One of the things GRC did, eas­ily doc­u­mented, was to send a fax to Marx’s employer, dis­play­ing basic con­tact infor­ma­tion for GRC, with blanks left for the employer to fill in infor­ma­tion about Marx’s employ­ment sta­tus and other related infor­ma­tion. The FDCPA pro­hibits “com­mu­ni­ca­tions” with third par­ties in an efforts to col­lect a debt. Marx amended her com­plaint in March of 2009 to add a claim that GRC vio­lated the FDCPA by send­ing the fax to her work­place to request employ­ment information.

The dis­trict court dis­missed her com­plaint. She appar­ently did not pro­vide suf­fi­cient evi­dence of being harassed. On the mat­ter of the fax, which no one dis­puted had been sent, the court held a fax is not a “com­mu­ni­ca­tion” within the mean­ing of the law. The FDCPA had orig­i­nally been enacted in 1978 as Title VIII of the Con­sumer Credit Pro­tec­tion Act. It had been mod­i­fied many times since then, as recently as 1996. Even so, the court ruled that a fax does not fall within the FDCPA def­i­n­i­tion of a “com­mu­ni­ca­tion”, and there­fore, GRC did not vio­late the law.
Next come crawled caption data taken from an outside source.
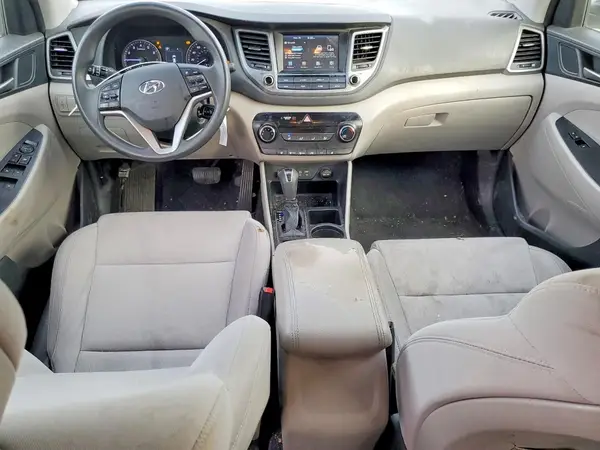 KM8J3CA48JU757197 2018 HYUNDAI TUCSON - Image 8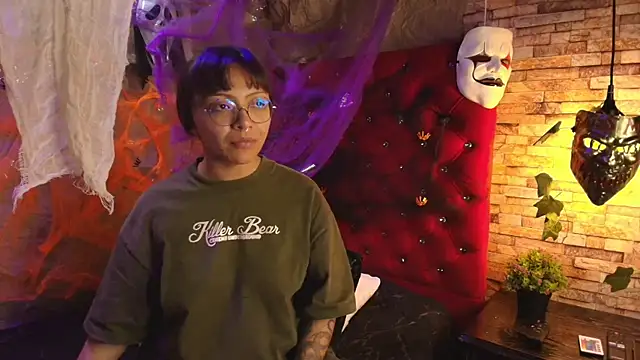 Snapshot of Victoria_Thompson1 chatting on 10-30-25, 08:42 Victoria Thompson1 online show from 10-30-25, 08:42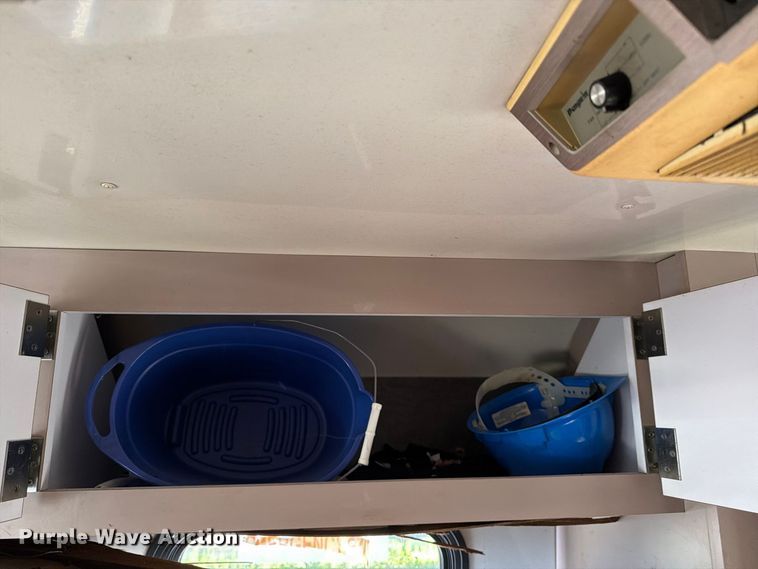 image for item DT2937 1994 Ford Econoline E350 mobile office bus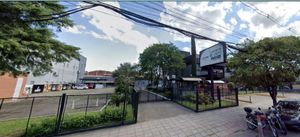 Image 1 - 892696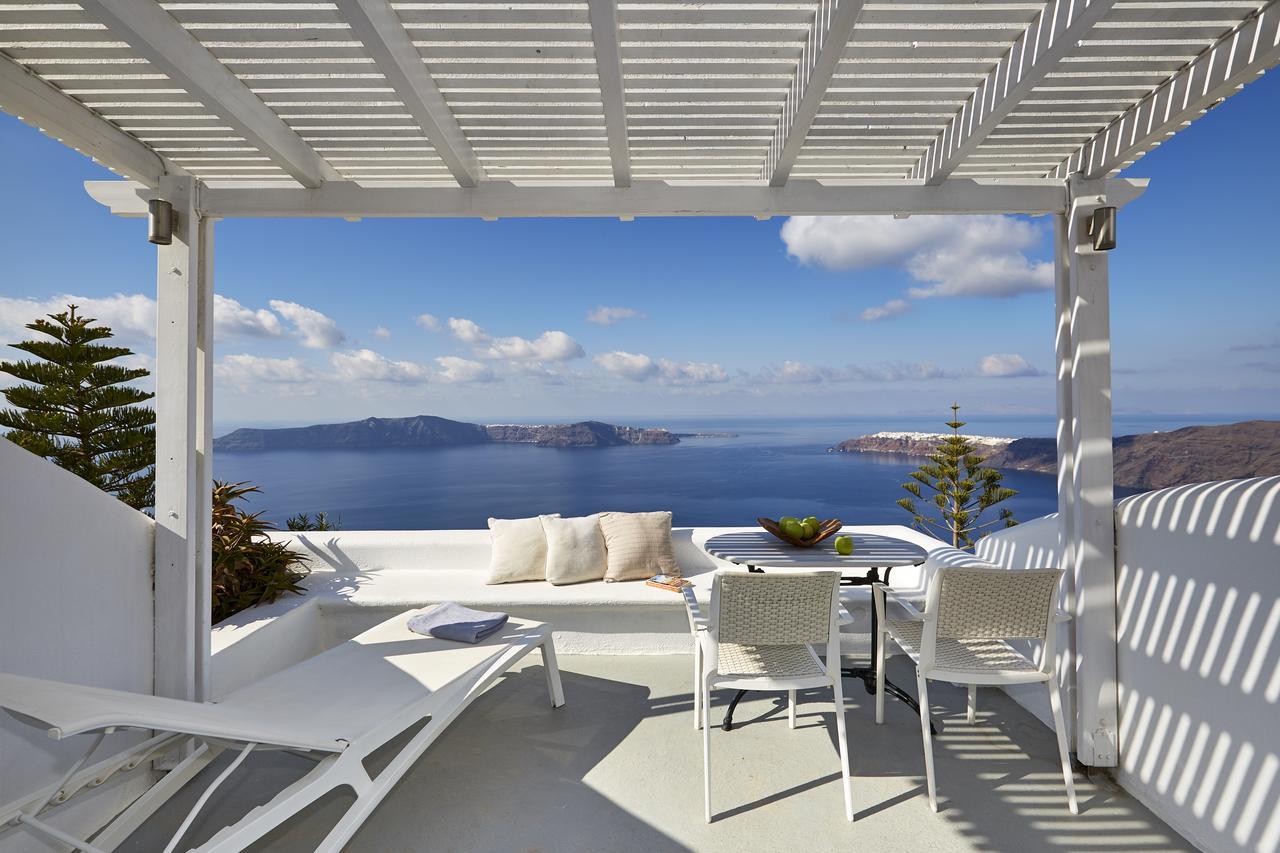 Junior Suite with Caldera View
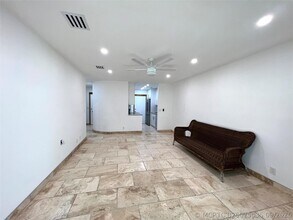 Building Photo - 2250 NE 66th St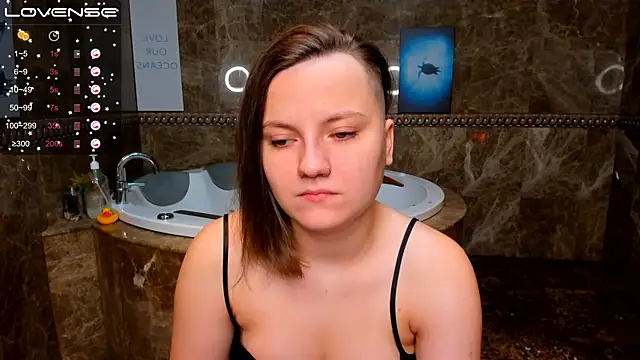 MelindaTin online show from October 7, 2025, 1:25 am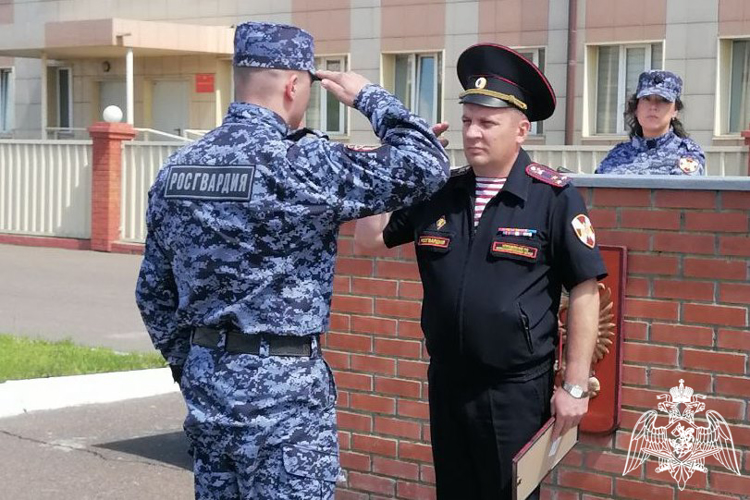 В Красноярске сотрудники Росгвардии приняли присягу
Los­ing the case was bad enough, but civil law is designed to pro­tect peo­ple who are unjustly sued. GRC was awarded their legal costs to defend them­selves, a sum of over $4,500. In addi­tion to los­ing her suit, Marx had to pay GRC’s legal fees. Now, the FDCPA rec­og­nizes that a cor­po­ra­tion has a much bet­ter chance of defend­ing itself, and a good chance of hir­ing a crack legal team. The threat of hav­ing to pay stratos­pheric legal costs may be enough to dis­cour­age even legit­i­mate suits from con­sumers who have been abused. FDCPA there­fore says that legal costs for the cor­po­ra­tion being sued are only reim­bursable when the suit against them is brought in “bad faith” or as a form of “harassment.”

The trial court did not address this issue, did not rule on whether Marx’s suit was brought in “bad faith” or intended as “harass­ment.” The trial judge merely awarded court costs and legal fees to the defen­dant. This pro­vided Marx with the abil­ity to appeal the ruling,

The U.S. Court of Appeals for the Tenth Cir­cuit, how­ever, upheld the rul­ing of the dis­trict court, with one dis­sent. The Cir­cuit Court not only upheld the case on its mer­its (that is, Marx lost her accu­sa­tion of being harassed by GRC), and held that the fax was not a “com­mu­ni­ca­tion,” but also ruled that, although there was no evi­dence of “bad faith” on her part, the FDCPA did not pre­vent her from being required to pay GRC’s legal costs.

Marx has appealed to the U.S. Supreme Court. Oral argu­ments are today. One aspect of the case is that a joint ami­cus brief has been filed by the FTC and CFPB (who are respon­si­ble for enforc­ing the law), and the Depart­ment of Jus­tice. They argue that the Tenth Circuit’s deci­sion was incon­sis­tent with the FDCPA. The law says that while con­sumers who win law­suits against debt col­lec­tors may recover their legal costs from the defen­dants, the only sit­u­a­tion in which con­sumers who lose must pay defen­dants’ costs is if there is prov­able bad faith or harass­ment on their part. The ami­cus brief also argues that Con­gress’ intent in enact­ing the law was to deter abu­sive debt col­lec­tion prac­tices.  In con­trast, the Tenth Circuit’s rul­ing would cre­ate a dis­in­cen­tive for con­sumers to bring suit, and is there­fore in con­flict with the will of Congress.

What are your feel­ings on these issues? Should a fax be con­sid­ered a “com­mu­ni­ca­tion” and thus be dis­al­lowed under the FDCPA? Should the Supreme Court rule in favor of GRC, and require Marx to pay for the company’s legal costs, despite any appar­ent bad faith or harass­ment on her part? What does this say for the proper bal­ance of power between con­sumers and debt collectors?